Best Parameters: {'max_depth': 5, 'max_samples': 0.8, 'min_samples_leaf': 5, 'min_samples_split': 20, 'n_estimators': 150}
Best Model: RandomForestClassifier(max_depth=5, max_samples=0.8, min_samples_leaf=5,
                       min_samples_split=20, n_estimators=150, random_state=42)


In [40]:
rfc2 = grid_search.best_estimator_
cross_val_scores = cross_val_score(rfc2, X_train_resampled, y_train_resampled, cv=10)

In [42]:
print("The Precision Score for the model in the TRAIN set is {:.3f}".format(np.mean(cross_val_scores)))

The Precision Score for the model in the TRAIN set is 0.994


In [48]:
from sklearn.metrics import accuracy_score, f1_score, confusion_matrix

# Assuming X_test and y_test are your test set features and labels
y_pred_test = best_model.predict(X_test)
test_recall = recall_score(y_test, y_pred_test)
test_precision = precision_score(y_test, y_pred_test)
test_f1 = f1_score(y_test, y_pred_test)
test_accuracy = accuracy_score(y_test, y_pred_test)
conf_matrix = confusion_matrix(y_test, y_pred_test)

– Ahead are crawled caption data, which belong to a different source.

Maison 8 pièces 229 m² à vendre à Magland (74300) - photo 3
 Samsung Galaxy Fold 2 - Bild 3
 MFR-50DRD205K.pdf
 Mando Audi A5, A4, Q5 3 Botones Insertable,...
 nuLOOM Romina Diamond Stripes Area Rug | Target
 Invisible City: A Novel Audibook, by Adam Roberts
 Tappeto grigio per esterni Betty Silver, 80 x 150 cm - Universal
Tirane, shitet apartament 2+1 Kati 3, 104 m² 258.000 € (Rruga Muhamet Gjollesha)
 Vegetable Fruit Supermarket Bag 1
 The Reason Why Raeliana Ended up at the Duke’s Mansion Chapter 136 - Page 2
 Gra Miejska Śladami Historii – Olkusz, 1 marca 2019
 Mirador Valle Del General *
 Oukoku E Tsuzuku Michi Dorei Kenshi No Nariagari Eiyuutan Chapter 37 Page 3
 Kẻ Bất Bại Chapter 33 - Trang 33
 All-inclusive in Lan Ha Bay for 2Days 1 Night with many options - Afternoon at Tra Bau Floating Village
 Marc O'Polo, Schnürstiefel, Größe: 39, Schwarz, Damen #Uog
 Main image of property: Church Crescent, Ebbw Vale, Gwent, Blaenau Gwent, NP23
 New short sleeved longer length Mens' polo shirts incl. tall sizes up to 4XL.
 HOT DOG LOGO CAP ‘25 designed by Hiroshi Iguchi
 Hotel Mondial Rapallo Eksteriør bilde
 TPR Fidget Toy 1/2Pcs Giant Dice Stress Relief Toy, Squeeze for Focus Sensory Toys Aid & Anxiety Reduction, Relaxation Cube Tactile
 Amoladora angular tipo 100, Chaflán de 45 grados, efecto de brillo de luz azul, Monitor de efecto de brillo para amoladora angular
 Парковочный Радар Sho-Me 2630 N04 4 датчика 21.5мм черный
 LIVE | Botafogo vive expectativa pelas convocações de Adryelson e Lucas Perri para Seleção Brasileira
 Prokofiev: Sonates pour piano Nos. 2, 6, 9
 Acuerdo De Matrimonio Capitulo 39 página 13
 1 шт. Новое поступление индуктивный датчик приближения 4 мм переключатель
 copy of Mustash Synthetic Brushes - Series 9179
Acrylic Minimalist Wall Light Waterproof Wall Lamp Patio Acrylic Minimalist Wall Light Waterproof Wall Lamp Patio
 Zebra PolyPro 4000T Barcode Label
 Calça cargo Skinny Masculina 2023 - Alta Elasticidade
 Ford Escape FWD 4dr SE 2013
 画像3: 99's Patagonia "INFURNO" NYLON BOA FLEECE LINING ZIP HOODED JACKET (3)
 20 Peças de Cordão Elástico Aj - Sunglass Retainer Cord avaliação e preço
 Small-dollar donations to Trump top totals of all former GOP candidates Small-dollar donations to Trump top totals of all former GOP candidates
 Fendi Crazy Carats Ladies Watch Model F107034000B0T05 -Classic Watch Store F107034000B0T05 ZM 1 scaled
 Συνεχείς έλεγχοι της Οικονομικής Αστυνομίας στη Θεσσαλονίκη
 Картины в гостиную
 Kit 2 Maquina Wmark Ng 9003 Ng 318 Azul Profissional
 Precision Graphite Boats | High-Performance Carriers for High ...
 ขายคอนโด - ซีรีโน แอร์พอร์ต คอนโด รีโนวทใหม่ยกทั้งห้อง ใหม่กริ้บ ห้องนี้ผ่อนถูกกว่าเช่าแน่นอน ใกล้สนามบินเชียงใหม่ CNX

print("Test Recall:", test_recall)
print("Test Precision:", test_precision)
print("Test F1-score:", test_f1)
print("Test Accuracy:", test_accuracy)
print("Confusion Matrix:\n", conf_matrix)

Test Recall: 0.97
Test Precision: 0.9969167523124358
Test F1-score: 0.9832742017232641
Test Accuracy: 0.9982707121521773
Confusion Matrix:
 [[18080     3]
 [   30   970]]


3 people are predicted to donate, but they did not.
However, 30 people are predicted not to donate, but they did.

If the predictions were vice-versa the impact on the company would have been much worse.
The company would miss 30 donations it had anticipated to get. This could result in not being able to pay bills etc.
Luckily, the model only predict 3 false positives which are also compensated by the 30 false negatives.